▸ Data under study
↓↓↓
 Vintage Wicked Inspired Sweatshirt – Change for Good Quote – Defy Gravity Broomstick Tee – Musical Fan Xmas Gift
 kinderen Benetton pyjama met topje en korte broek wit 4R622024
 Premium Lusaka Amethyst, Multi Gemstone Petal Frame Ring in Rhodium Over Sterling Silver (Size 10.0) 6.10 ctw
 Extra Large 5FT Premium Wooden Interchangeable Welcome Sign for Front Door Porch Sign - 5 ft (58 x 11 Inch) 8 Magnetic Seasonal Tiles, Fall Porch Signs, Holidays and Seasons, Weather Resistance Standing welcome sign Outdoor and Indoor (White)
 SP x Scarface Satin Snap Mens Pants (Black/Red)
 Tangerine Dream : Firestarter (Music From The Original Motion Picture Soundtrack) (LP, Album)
↑↑↑
↓↓↓
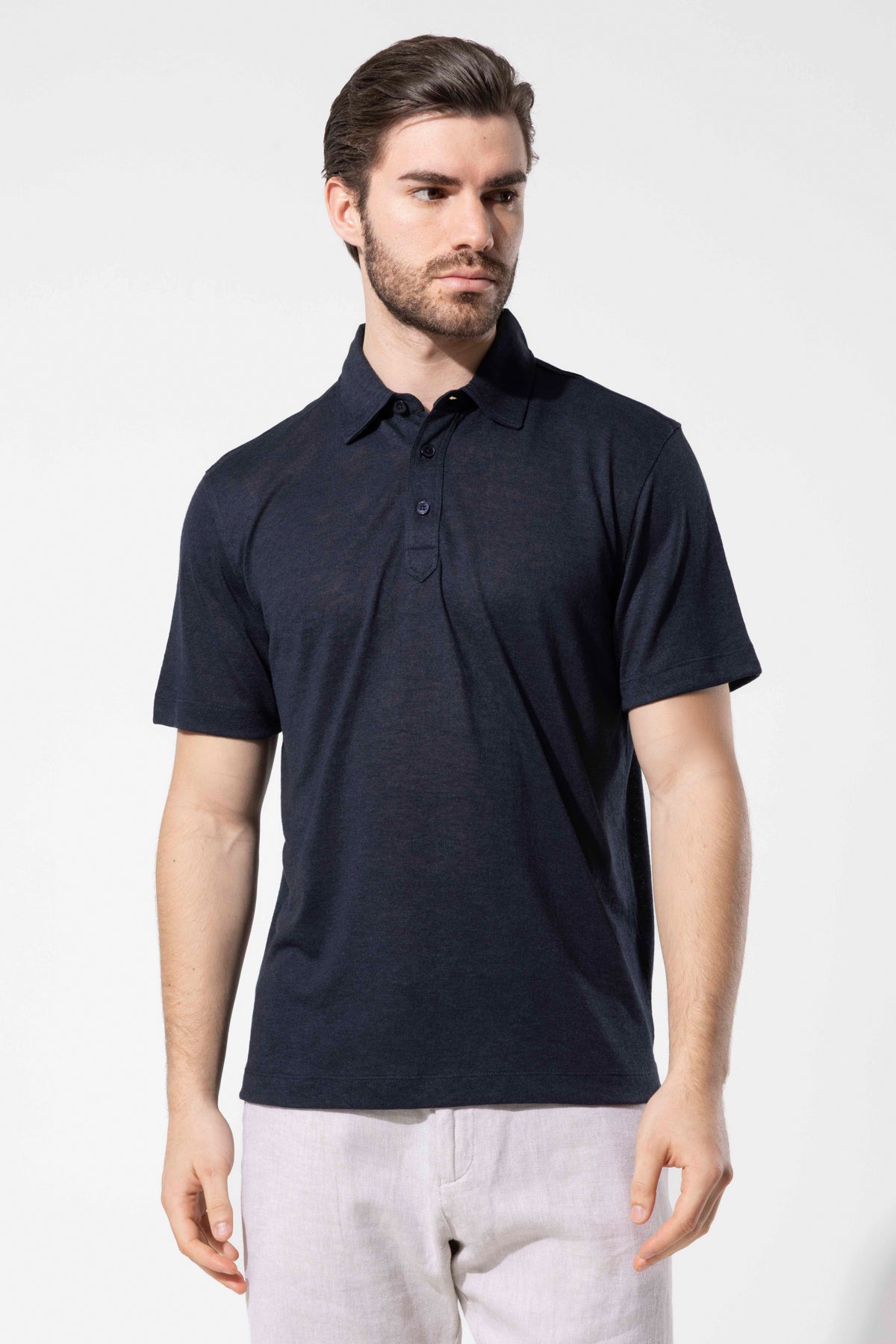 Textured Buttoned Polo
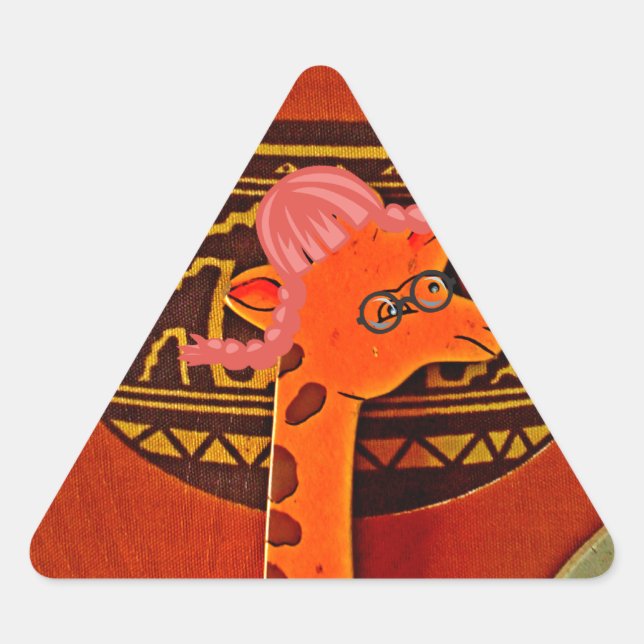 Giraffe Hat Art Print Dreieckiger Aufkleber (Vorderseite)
↑↑↑
▸ Instructions for the task
With the line holding "Vintage Wicked Inspired" as the first and the line holding "Premium Lusaka Amethyst, Multi" as the last, please transcribe exactly the lines of the material above in that range and nothing else.

▸ Output for this exercise
 Vintage Wicked Inspired Sweatshirt – Change for Good Quote – Defy Gravity Broomstick Tee – Musical Fan Xmas Gift
 kinderen Benetton pyjama met topje en korte broek wit 4R622024
 Premium Lusaka Amethyst, Multi Gemstone Petal Frame Ring in Rhodium Over Sterling Silver (Size 10.0) 6.10 ctw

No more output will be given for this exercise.